On Monday, Judge Robert Oliver made a key ruling in Ramirez's trial, which is expected to conclude this week.
The judge said jurors will learn about Ramirez's prior conviction for a drive-by shooting in 2006. But he also left the door open for the defense to bring in evidence favorable to Ramirez, such as his childhood heroics.
In 1997, Ramirez -- then age 8 -- and three other children formed a human chain to pull Kasee Yang from a canal near Clovis Avenue north of Kings Canyon Road in southeast Fresno. City leaders applauded the rescuers at a news conference and gave them certificates.
A lot has happened to Ramirez since then.
Growing up without a father, Ramirez joined the Sureños at age 12, Broughton said. In 2006, he was sent to the California Youth Authority for a shooting that is similar to the present case, the defense attorney said.
Outside court Monday, Broughton said the potential life sentence is unfair because Ramirez has never shot anyone. "This is overkill," he said.
Prosecutor Chris Walsh, however, said it will be up to a jury to determine what constitutes justice.
Ramirez got in trouble on Jan. 24 when he and three others went to a party in Reedley. Low on beer and snacks, Ramirez and a female friend went to a store on Helen Street. Inside the store, two Norteño rivals confronted him.
"What's up, esse?" Ramirez said, according Walsh, a deputy district attorney.
At the time, Ramirez wore a blue sports jersey -- the color of the Sureños, Walsh told jurors.
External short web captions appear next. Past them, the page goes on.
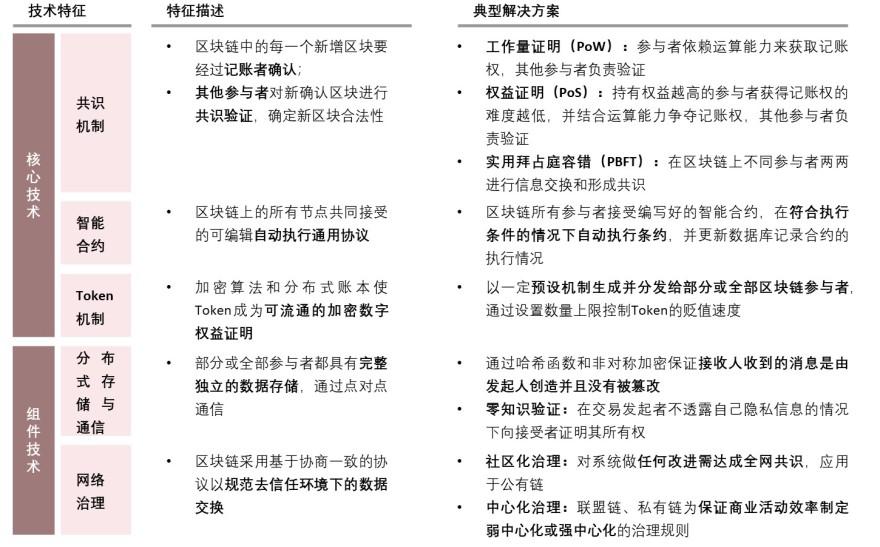 特色图表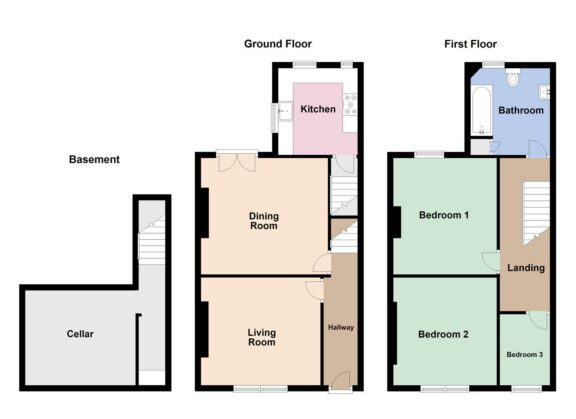 Property EPC 1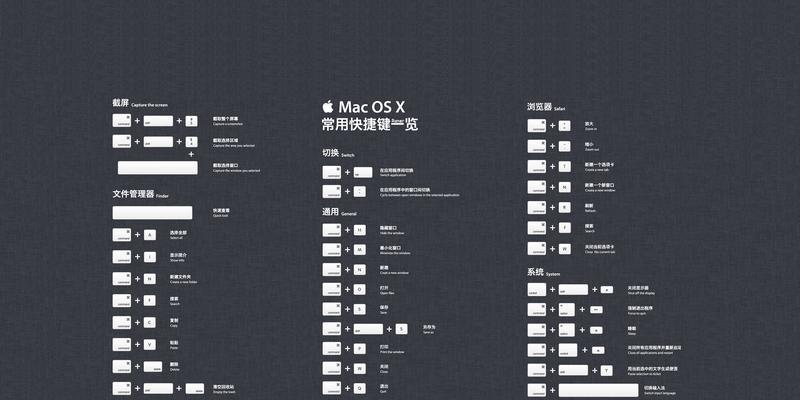 MacBook必备的解压软件推荐（为您带来更高效的解压体验）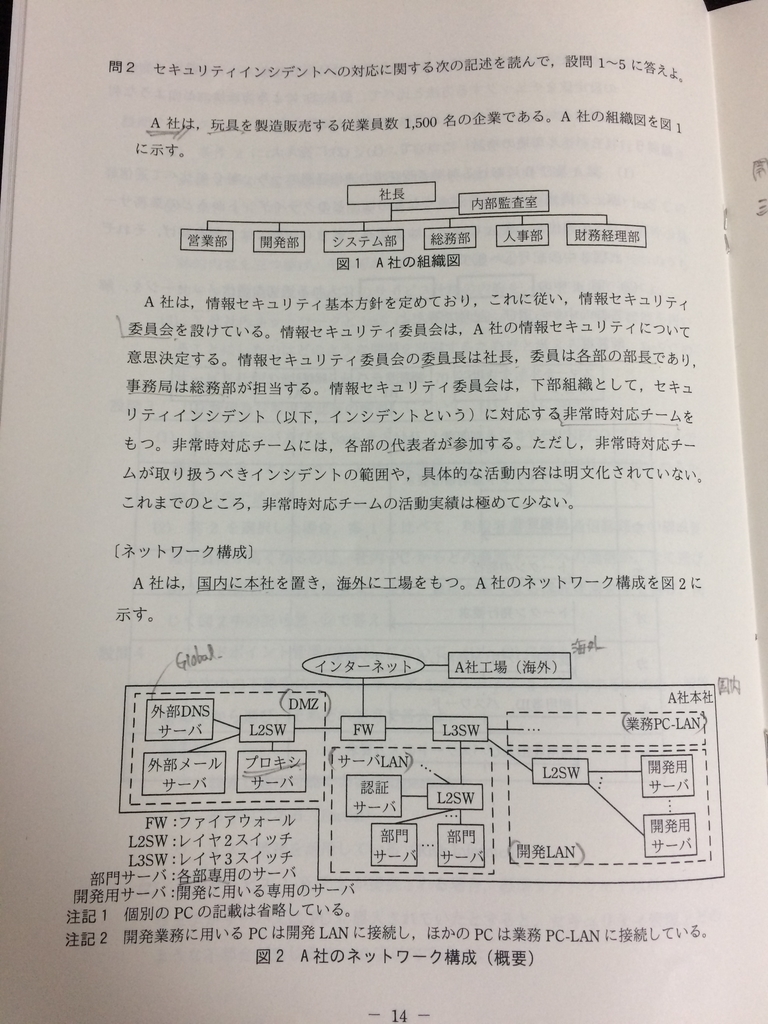 安全 確保 支援 士 解答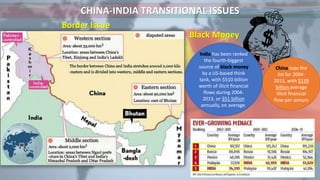 CHINA-INDIA TRANSITIONAL ISSUES
India has been ranked
the fourth-biggest
source of black money
by a US-based think
tank, with $510 billion
worth of illicit financial
flows during 2004-
2013, or $51 billion
annually, on average.
China tops the
list for 2004-
2013, with $139
billion average
illicit financial
flow per annum
Border Issue
Black Money
 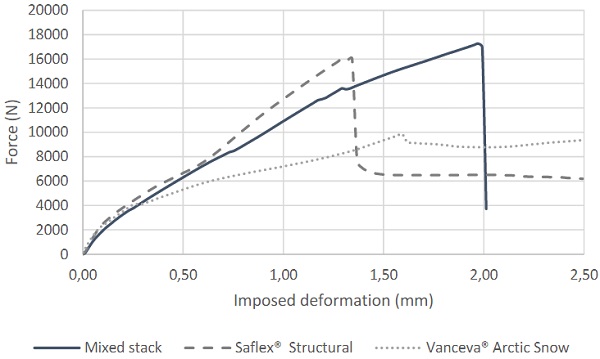 Figure 17. Typical deformation force curves for the laminated fitting testing in shear mode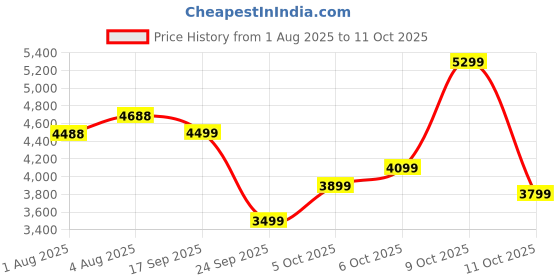 flipkart.com peter england Men 2 PC Suit Checkered Suit peter england Price History Graph from 1 Aug 2025 to 11 Oct 2025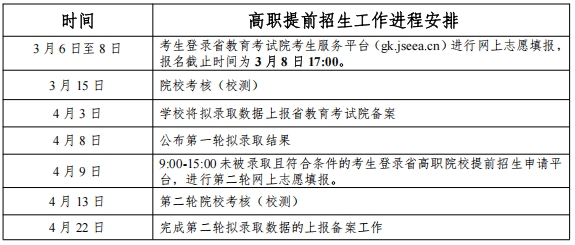 2025年無錫商業(yè)職業(yè)技術(shù)學(xué)院提前招生簡(jiǎn)章.png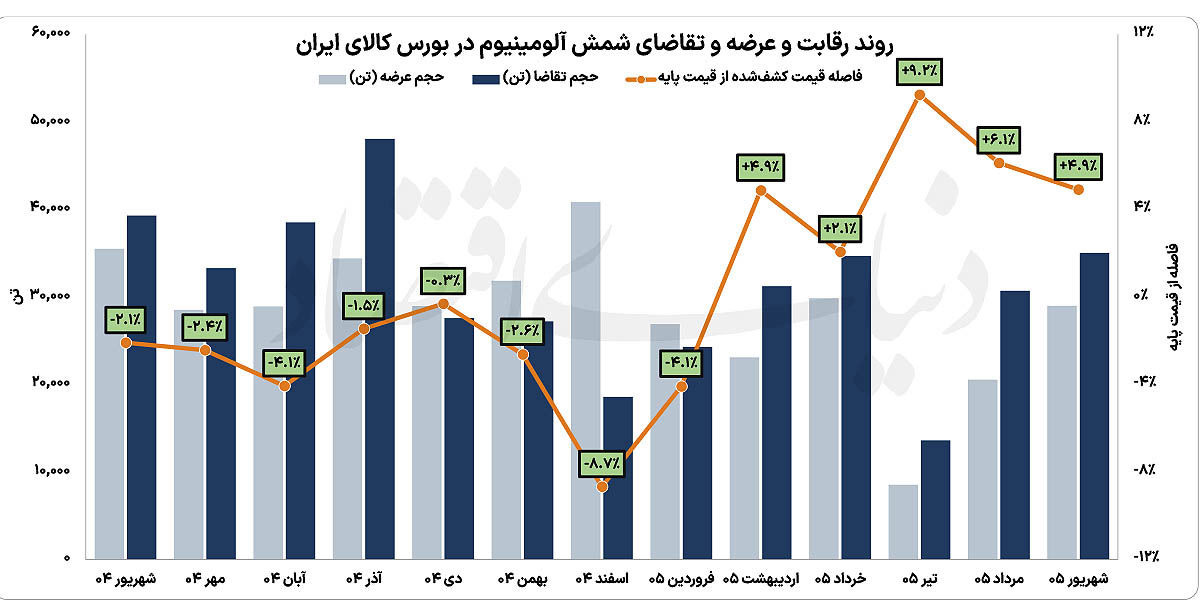 زنگ خطر برای شمش آلومینیوم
He also has tattoos that show his allegiance to the gang, he said. After an argument broke out, one of the Norteños got a bat, Walsh said. Ramirez and his friend then left the store. Back at the party, Ramirez vented his frustration to a friend. "He felt disrespected," Walsh told the panel.
He asked the friend to drive him back to the store. The friend didn't know Ramirez had a gun, Walsh said.
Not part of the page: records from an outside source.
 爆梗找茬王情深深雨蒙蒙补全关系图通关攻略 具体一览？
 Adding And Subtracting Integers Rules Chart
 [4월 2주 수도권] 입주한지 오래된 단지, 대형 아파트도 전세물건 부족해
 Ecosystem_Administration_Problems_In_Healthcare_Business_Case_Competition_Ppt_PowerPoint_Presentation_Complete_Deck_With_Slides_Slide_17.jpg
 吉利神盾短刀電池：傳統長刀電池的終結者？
Sitting in the passenger seat, Ramirez directed his friend to drive toward a house near the store. Ramirez then fired two rounds at the dwelling before his friend sped away, Walsh said. Police later stopped the car and arrested Ramirez after finding a semi-automatic handgun inside, the prosecutor said.
Broughton said the case isn't that clear-cut.
He told the panel that Ramirez didn't do a drive-by. Ramirez got out of the car and fired two shots into the air outside the rivals' home, Broughton said, noting there's no evidence that a bullet struck the home.
Broughton also said Ramirez's affiliation to the Sureños is "old stuff."
After leaving the gang, Ramirez graduated from high school in 2007 and got a job in a packing shed, Broughton said. While in Fresno County Jail, he married 20-year-old Elena Gonzales in April.
Prior to the trial, Broughton said, Ramirez never told him that he had saved a kid's life. But since the start of testimony last week, Ramirez's mother, Eva Carrillo, has given Broughton the certificates her son received from then-Assembly Member Cruz Bustamante and City Council Member Sal Quintero.
"I've been praying to God every night," Carrillo said. "My son has changed. He deserves another chance."